WHAT TO WORK ON: Could you copy exactly the lines below, beginning at the line with "MIT Media Labs" and stopping after the line with "Building Photo - 152 Central Ave", with no pictures?

RECORDS FOR PROCESSING:
****************************************

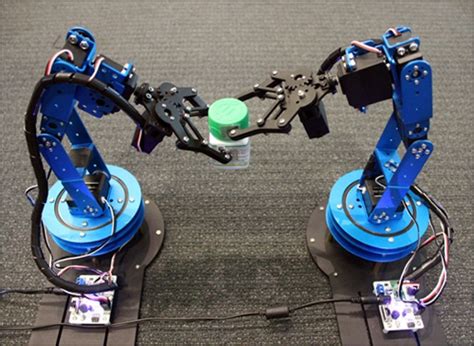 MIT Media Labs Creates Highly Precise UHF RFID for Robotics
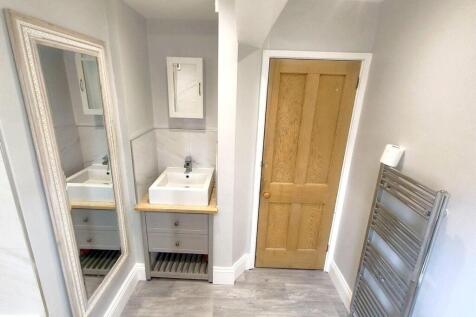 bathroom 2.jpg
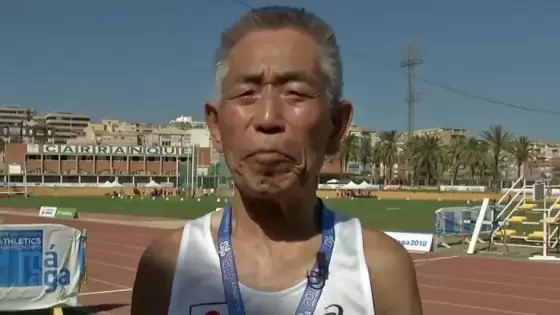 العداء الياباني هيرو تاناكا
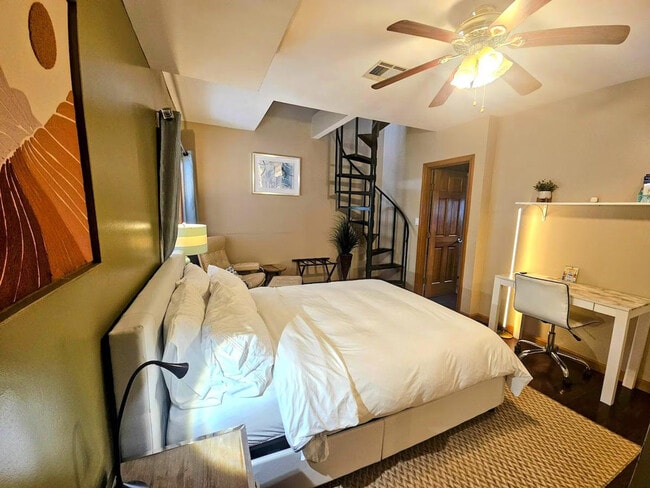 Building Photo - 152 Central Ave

****************************************

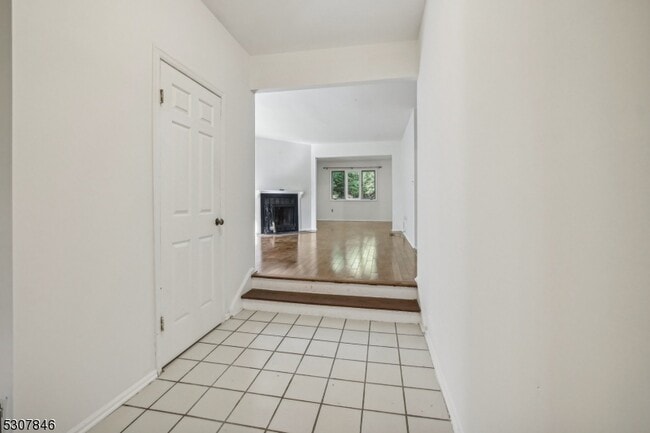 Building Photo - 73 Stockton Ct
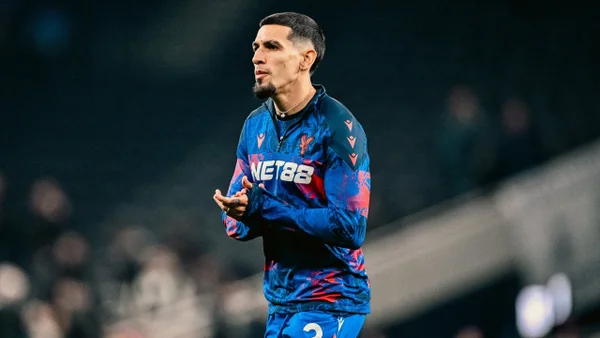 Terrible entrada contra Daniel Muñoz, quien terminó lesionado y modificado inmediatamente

****************************************

ANSWER FOR THIS EXERCISE:
 MIT Media Labs Creates Highly Precise UHF RFID for Robotics
 bathroom 2.jpg
 العداء الياباني هيرو تاناكا
 Building Photo - 152 Central Ave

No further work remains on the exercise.